Quote/s of the Day – 11 August – The Memorial of St Clare of Assisi
“He, Christ, is the splendour of eternal glory, “the brightness of eternal light and the mirror without cloud.”
Behold, I say, the birth of this mirror. Behold Christ’s poverty even as he was laid in the manger and wrapped in swaddling clothes. What wondrous humility, what marvellous poverty!
The King of angels, the Lord of heaven and earth resting in a manger!
Look more deeply into the mirror and meditate on His humility, or simply on His poverty.
Behold the many labours and sufferings He endured to redeem the human race.

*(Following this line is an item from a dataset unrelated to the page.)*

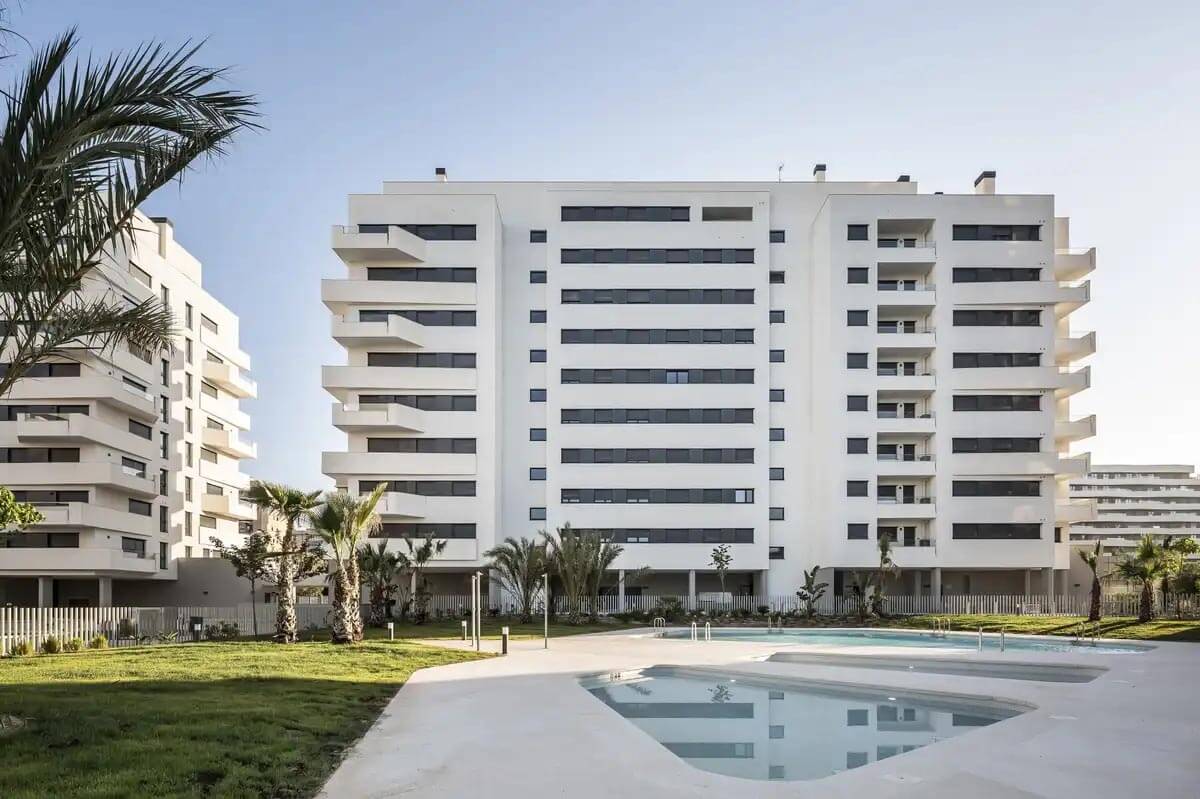 Аренда квартира в Испании в городе Alicante 3 спальни в новом доме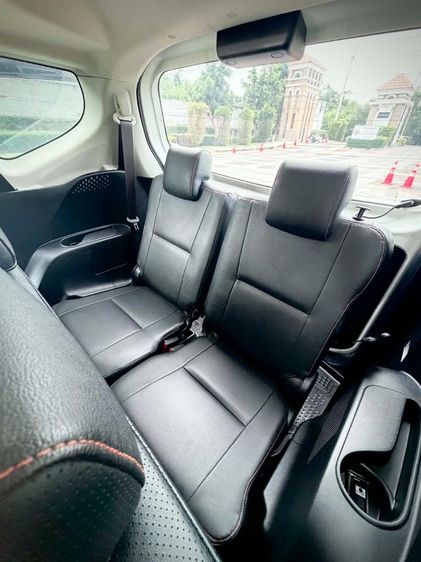 Toyota Sienta 2017 1.5 V Utility-car เบนซิน ไม่ติดแก๊ส เกียร์อัตโนมัติ ขาว รูปที่ 3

Then, in the depths of this very mirror, ponder His unspeakable love which caused Him to suffer on the wood of the cross and to endure the most shameful kind of death.
The mirror Himself, from His position on the cross, warned passers-by to weigh carefully this act, as He said:
“All of you who pass by this way, behold and see if there is any sorrow like mine.”
Let us answer His cries and lamentations with one voice and one spirit:
“I will be mindful and remember and my soul will be consumed within me.”

“We become what we love and who we love shapes what we become.
If we love things, we become a thing.
If we love nothing, we become nothing.
Imitation is not a literal mimicking of Christ,
rather it means becoming the image of the beloved,
an image disclosed through transformation.
This means we are to become vessels of God’s
compassionate love for others.”
St Clare’s second letter to Blessed Agnes of Prague
“ Blessed be You, O God, for having created me. ”
St Clare’s Last Words
“Cling to His most sweet Mother,
who carried a Son whom the heavens could not contain;
and yet she carried Him in the little enclosure of her holy womb
and held Him on her virginal lap.”
“Gaze upon Him, consider Him, contemplate Him,
as you desire to imitate Him.
….Totally love Him, Who gave Himself totally for your love.”
“They say that we are too poor
but can a heart which possesses the infinite God be truly called poor?
We should remember this miracle of the Blessed Sacrament when in Church.
Then we will pray with great Faith to Jesus in the Holy Eucharist:
‘Save me, O Lord, from every evil – of soul and body.’”
St Clare of Assisi
St Pope John Paul II said of Saint Clare:
“her whole life was a Eucharist because …
from her cloister she raised up a continual ‘thanksgiving’ to God
in her prayer, praise, supplication, intercession, weeping, offering and sacrifice.
She accepted everything from the Father in union with the infinite ‘thanks’ of the only begotten Son.